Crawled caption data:
▼▼▼
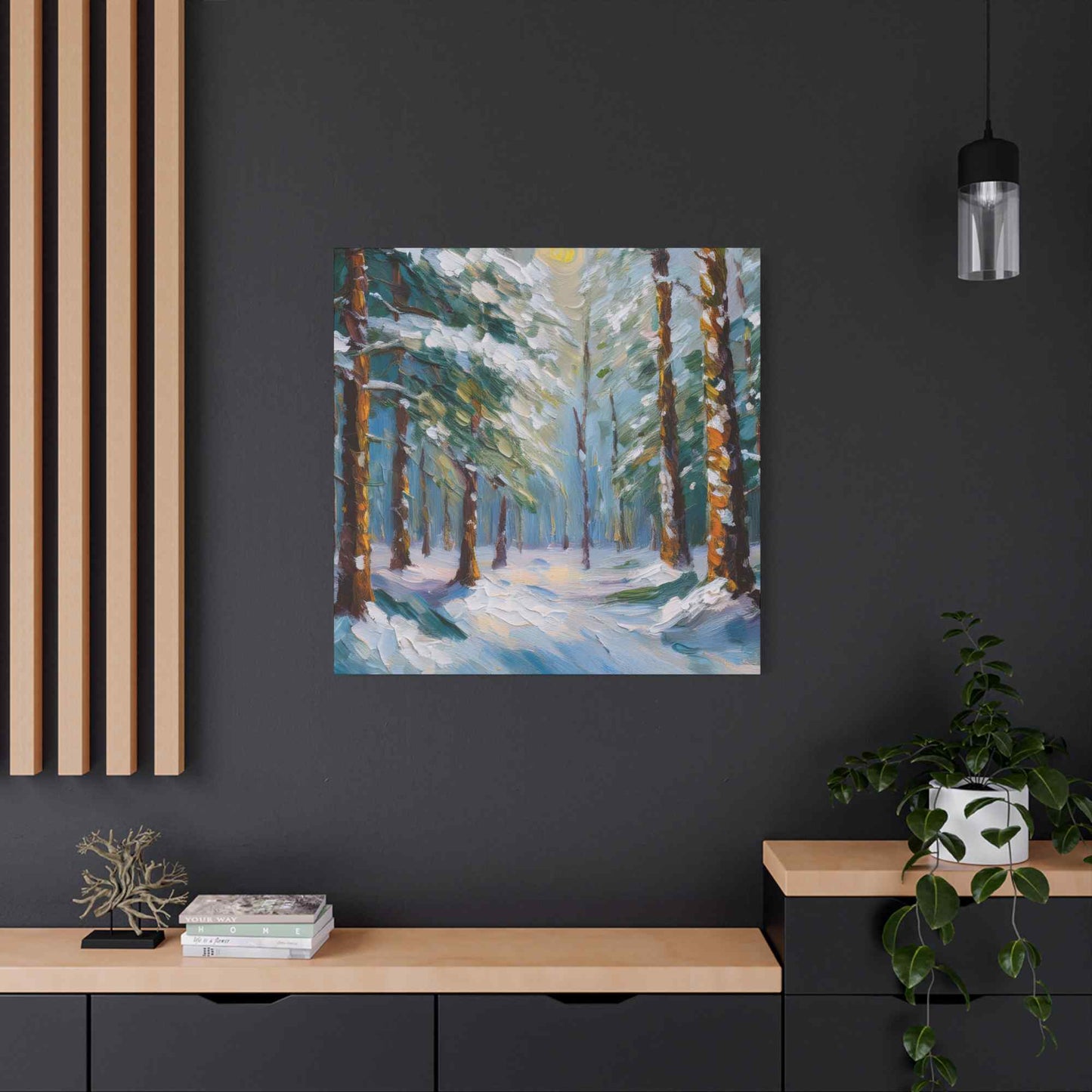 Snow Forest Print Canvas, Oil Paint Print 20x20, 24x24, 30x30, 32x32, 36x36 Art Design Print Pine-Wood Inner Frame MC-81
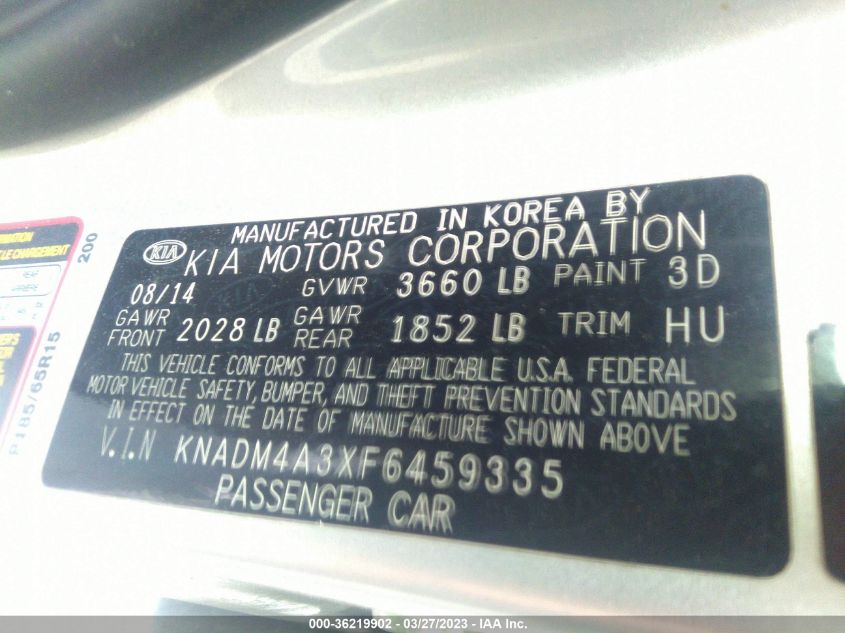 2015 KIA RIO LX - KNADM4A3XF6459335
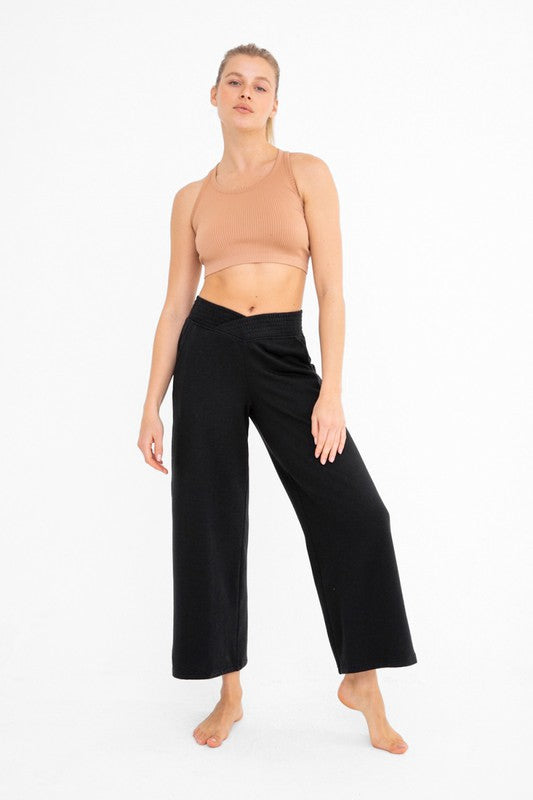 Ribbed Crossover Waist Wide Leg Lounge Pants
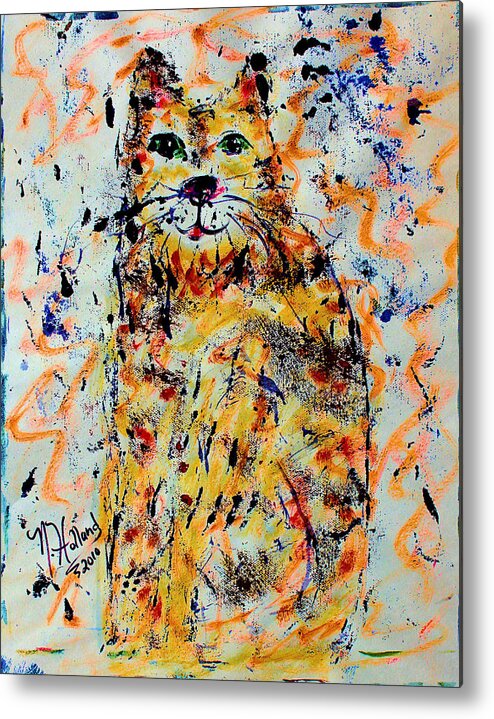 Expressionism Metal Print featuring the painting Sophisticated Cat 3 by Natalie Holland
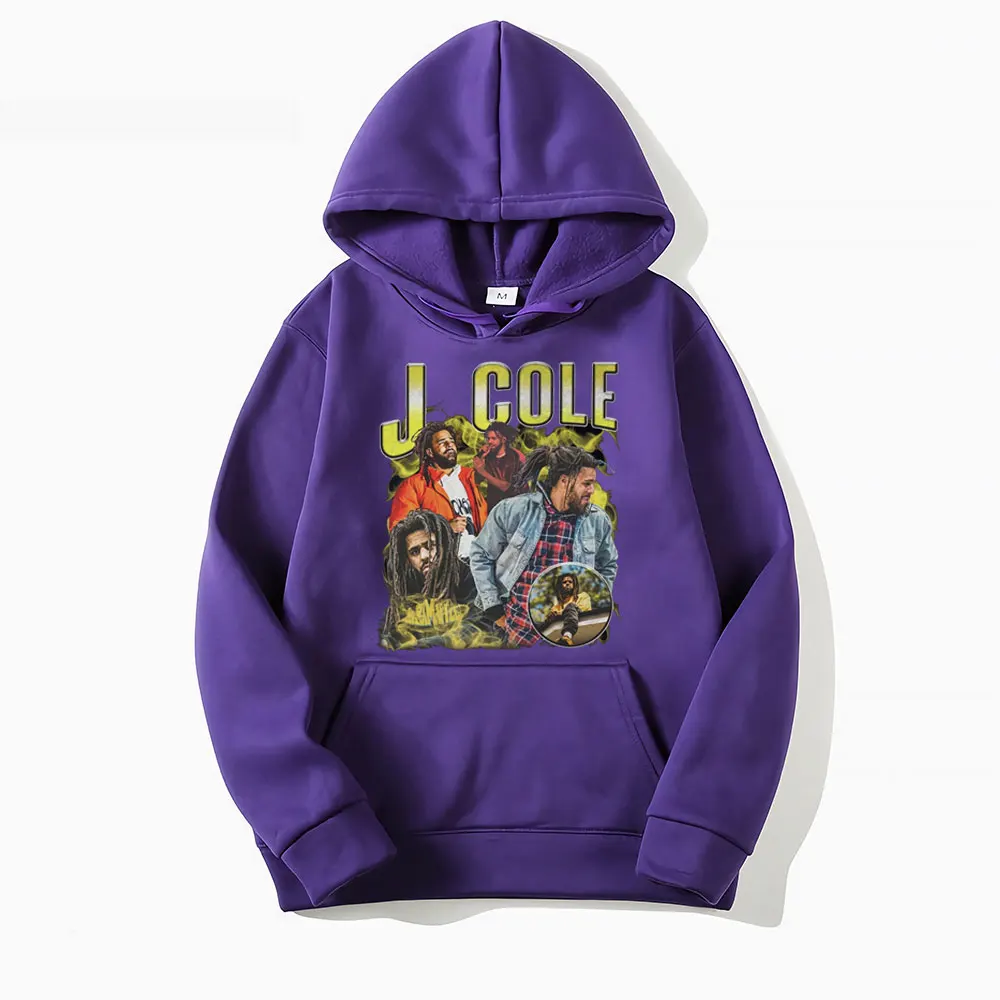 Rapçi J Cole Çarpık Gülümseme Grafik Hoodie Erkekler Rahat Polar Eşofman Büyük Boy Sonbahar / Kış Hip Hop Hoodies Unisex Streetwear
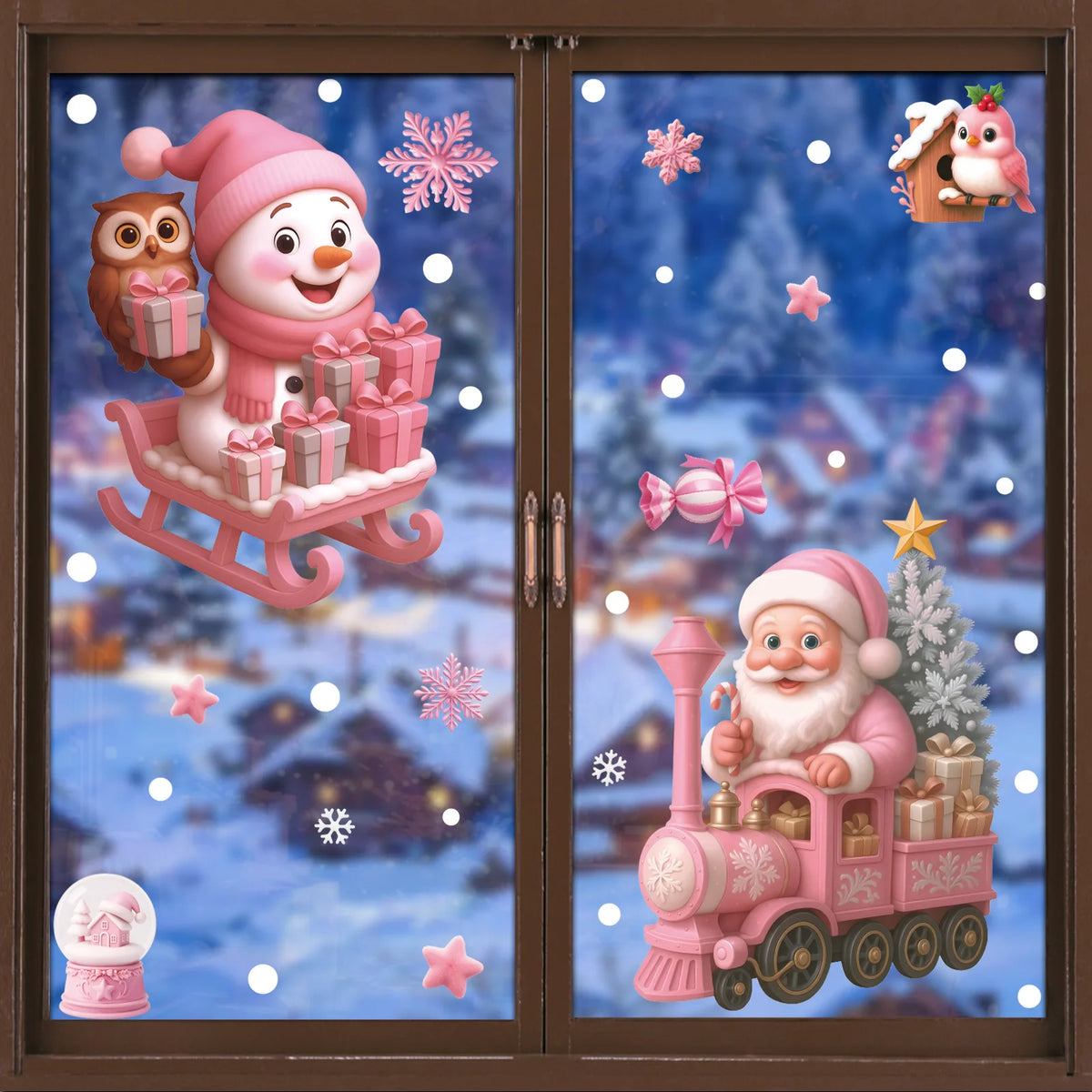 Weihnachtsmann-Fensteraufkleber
▲▲▲
ACTIVITY:
All records above are to be output verbatim, with their pictures omitted.

REPLY TO THE TASK:
 Snow Forest Print Canvas, Oil Paint Print 20x20, 24x24, 30x30, 32x32, 36x36 Art Design Print Pine-Wood Inner Frame MC-81
 2015 KIA RIO LX - KNADM4A3XF6459335
 Ribbed Crossover Waist Wide Leg Lounge Pants
 Expressionism Metal Print featuring the painting Sophisticated Cat 3 by Natalie Holland
 Rapçi J Cole Çarpık Gülümseme Grafik Hoodie Erkekler Rahat Polar Eşofman Büyük Boy Sonbahar / Kış Hip Hop Hoodies Unisex Streetwear
 Weihnachtsmann-Fensteraufkleber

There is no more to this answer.